SPLICE is a great fit for POLLEY, its shell might distract you into thinking it's another sexy alien rampage dud like SPECIES but beneath the CGI shenanigans, primal, monumental emotions are stirred. This movie hit me on a level that I really wasn't prepared for. I'm going to try to explain how it made me feel and in the process I may also reveal that I have severe mental problems. Please do not call the guys with the nets to come and get me. This is between just you and I…
I have near constant nightmares that my cat is in danger and needs help and I can't help him. This has been going on forever.
(Also: Have you seen the footage of the pelican covered in oil? It means we're all going to burn in hell.)
Here's the thing people, and they won't teach you this in school, the bravest thing you can ever do in life is take on the responsibility of caring about some other creature's well being. I don't care if it's your dumb baby, your smooch partner or a goldfish, you're putting yourself in the position of being hurt and torn apart. SPLICE may pretend it's all about creating FRANKENSTEIN monsters that cannot be controlled but its real power comes from the HORROR of caring. As soon as POLLEY starts to care about the being she has created, she is screwed. There is no way things are going to work out well, she has very unscientifically opened her heart and her heart is doomed. The universe sees her heart as a dartboard.
There's a bunch of stuff in this movie about playing God (somebody's got to), gender identity and hipster apartment hunting but I really don't care about that stuff. I really loved how SPLICE makes you care and then makes you pay for it. I'm not sure if that was its intention or if I just need a vacation but I was really impressed by how it rakes maternal/paternal feelings and then just shoots them down without ever being too obvious about it. (There's also something here about POLLEY's character trying to correct her own upbringing and finding what a dead end that is that I found interesting as well.) Oh yeah, and I almost forgot, this is a horror movie and the ending really does deliver some tense scares. As you can tell this isn't so much a review as some random associations, if it was a review I'd give it a seriously high rating. On the surface it may seem like the standard mish-mash but there's something very special and different here kicking and screeching and determined to break through. In other words if you're like me and have spent the last year bitching about the government cheese that masquerades as cinema, go see SPLICE, it may cure your ills. As for me, I'm going to take a nap and inevitably dream of my poor cat covered in oil.

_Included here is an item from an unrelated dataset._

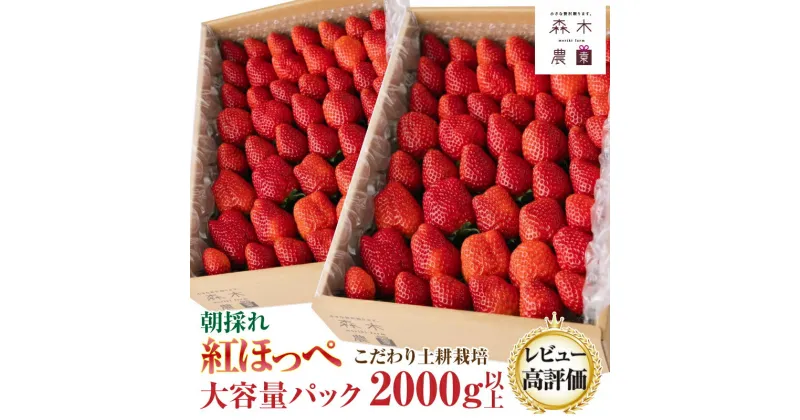 【ふるさと納税】060-9 【常温発送】完熟☆濃く甘 いちご『紅ほっぺ』　合計2000g以上！/ いちご 苺 フルーツ 果物 冬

P.S. I think ADRIAN BRODY is in this movie too.
Without seeing Splice, I am going to recommend Prototype to you. It's a tv movie with Chris Plummer and David Morse that is a reworking of Frankenstein in a world of cyborgs. It's one of those movies where you see the awesome DVD art and think it's going to be some kind of Terminator rip-off and then you see these characters in such real ways… and then you get that ending and I cried and cried. Not even watching Car Wash afterwards could make my sadness disappear. In fact, just recommending the movie to you makes me want to cry a little. It's that good and surprising.
Splice sounds tre interesting. Thanks for the review. I loved it (as usual!)…
I haven't seen this yet, but your thoughts confirm a feeling I have had about it. The recent ads have given away some of the motherly-love aspects of Ms. Polley's character and it immediately evoked in me a sensation that this was a higher budget attempt at "It's Alive." I won't know until I see it whether or not that is a good thing.
Like you, I think that Sarah Polley can bring enough charm and grace to even the worst film to make it watchable. (Something I like to call the Henrisksen Factor.) So…. I look forward to it regardless of the end result for me. Great review!
Just saw it, it was good (not great). Would have appreciated a little more Cronenbergian-goodness. Also wish it explored the consequences of Polley's upbringing a little more. But, I too love Sarah Polley and will watch any movie she is involved in.